Tim Berners-Lee, the 3Com Founders Professor of Engineering and head of the Decentralized Information Group at the Massachusetts Institute of Technology; a professor in the Electronics and Computer Science Department at the University of Southampton; director of the World Wide Web Consortium; and a founding director of the Web Science Trust;


• Noam Chomsky, linguist, philosopher, cognitive scientist, and Institute Professor and Professor (Emeritus) in MIT’s Linguistics and Philosophy Department; noted for his theory of generative grammar that revolutionized the scientific study of language;


• Douglas Engelbart, head of a Stanford Research Institute group that developed the first computer mouse, hypertext, networked computers, and precursors to GUIs;


• Edward Albert Feigenbaum, a Stanford University professor emeritus of computer science and cofounder of applied AI startup firms IntelliCorp, Teknowledge, and Design Power;


• John McCarthy, a Stanford and MIT professor who proposed Lisp, time-sharing computer systems, and program correctness proofs; credited with coining the term “AI”;


• Marvin Minsky, Toshiba Professor of Media Arts and Sciences and Professor of Electrical Engineering and Computer Science at MIT, who developed the Society of Mind theory with Seymour Papert and many other advances in cognitive theory;


• Nils J. Nilsson, professor of engineering emeritus at Stanford, who while at SRI International developed statistical and neural-network approaches to pattern recognition;


• Judea Pearl, a professor of computer science and statistics at University of California Los Angeles and director of its Cognitive Systems Laboratory; best known for introducing the probabilistic approach to AI and developing Bayesian networks as inference tools;


• Raj Reddy, the Mozah Bint Nasser University Professor of Computer Science and Robotics in the School of Computer Science at Carnegie Mellon University; and


• Lotfi Zadeh, a University of California, Berkeley computer science professor known for his work on soft computing, fuzzy logic, and neural-net theory.
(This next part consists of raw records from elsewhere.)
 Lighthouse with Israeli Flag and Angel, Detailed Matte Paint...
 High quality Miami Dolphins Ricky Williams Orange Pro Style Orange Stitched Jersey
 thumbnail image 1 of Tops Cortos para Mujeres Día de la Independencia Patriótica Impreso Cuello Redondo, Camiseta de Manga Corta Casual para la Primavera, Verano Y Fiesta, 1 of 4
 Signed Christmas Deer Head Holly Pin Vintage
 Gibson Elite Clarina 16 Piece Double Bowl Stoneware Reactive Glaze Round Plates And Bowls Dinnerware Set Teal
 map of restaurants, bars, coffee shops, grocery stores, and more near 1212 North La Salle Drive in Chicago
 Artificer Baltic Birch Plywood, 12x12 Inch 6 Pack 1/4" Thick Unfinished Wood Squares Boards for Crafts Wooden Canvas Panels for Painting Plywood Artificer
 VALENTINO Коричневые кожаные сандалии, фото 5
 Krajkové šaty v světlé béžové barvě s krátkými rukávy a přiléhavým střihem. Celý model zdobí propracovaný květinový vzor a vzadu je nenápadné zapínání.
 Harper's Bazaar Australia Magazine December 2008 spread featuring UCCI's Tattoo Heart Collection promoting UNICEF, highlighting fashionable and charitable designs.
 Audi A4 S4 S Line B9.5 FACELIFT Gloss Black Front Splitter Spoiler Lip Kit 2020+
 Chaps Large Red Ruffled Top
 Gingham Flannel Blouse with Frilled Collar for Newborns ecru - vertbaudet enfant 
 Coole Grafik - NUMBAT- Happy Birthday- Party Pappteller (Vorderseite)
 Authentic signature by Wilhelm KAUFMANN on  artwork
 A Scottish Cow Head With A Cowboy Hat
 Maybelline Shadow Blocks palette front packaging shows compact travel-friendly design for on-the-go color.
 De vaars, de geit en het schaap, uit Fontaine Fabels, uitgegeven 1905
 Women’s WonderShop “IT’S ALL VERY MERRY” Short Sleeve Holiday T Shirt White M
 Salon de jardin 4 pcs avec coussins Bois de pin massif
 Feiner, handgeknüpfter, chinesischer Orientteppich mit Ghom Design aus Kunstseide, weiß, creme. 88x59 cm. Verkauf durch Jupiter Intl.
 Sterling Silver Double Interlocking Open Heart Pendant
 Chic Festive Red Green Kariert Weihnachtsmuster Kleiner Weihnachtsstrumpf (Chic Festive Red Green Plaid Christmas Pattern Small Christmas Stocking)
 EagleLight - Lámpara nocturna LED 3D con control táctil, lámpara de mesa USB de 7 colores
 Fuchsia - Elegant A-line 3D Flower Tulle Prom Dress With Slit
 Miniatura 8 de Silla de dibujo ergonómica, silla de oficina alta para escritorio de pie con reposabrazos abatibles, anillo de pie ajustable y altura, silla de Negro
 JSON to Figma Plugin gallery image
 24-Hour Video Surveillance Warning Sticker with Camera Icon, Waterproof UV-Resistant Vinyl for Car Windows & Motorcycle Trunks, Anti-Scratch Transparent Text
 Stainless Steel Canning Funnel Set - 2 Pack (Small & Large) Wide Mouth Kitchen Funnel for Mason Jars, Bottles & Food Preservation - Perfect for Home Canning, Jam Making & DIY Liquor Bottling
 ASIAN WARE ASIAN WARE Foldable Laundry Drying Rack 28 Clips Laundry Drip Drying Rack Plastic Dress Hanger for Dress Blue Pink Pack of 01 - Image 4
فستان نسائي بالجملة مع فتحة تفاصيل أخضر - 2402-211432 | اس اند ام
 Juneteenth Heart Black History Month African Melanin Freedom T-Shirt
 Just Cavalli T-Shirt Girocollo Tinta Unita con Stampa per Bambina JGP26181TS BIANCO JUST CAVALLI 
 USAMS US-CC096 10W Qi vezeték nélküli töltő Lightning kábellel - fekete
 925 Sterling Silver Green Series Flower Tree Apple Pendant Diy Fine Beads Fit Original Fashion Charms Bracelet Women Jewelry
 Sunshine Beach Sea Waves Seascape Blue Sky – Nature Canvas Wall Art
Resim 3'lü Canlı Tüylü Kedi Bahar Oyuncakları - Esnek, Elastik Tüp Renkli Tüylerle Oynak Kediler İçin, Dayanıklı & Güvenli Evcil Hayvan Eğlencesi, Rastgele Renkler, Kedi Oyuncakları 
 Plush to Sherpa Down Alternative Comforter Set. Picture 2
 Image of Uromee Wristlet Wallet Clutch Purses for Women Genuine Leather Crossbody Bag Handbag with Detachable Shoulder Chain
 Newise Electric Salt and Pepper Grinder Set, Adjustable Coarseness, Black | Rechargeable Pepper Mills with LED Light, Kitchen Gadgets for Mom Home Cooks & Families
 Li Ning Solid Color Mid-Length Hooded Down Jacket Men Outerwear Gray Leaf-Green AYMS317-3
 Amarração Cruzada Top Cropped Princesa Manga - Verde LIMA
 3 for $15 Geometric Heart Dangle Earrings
To put things in perspective for those of us with more pedestrian interests, here are the first 10 inductees of the Baseball Hall of Fame: Ty Cobb, Babe Ruth, Honus Wagner, Christy Mathewson, Walter Johnson, Nap Lajoie, Tris Speaker, Cy Young, Grover Cleveland Alexander, and George Sisler.

UPDATE, Aug. 29 — After watching this video of a conversation between two Cleverbot avatars, we may not be as close to the age of smart machines as I thought.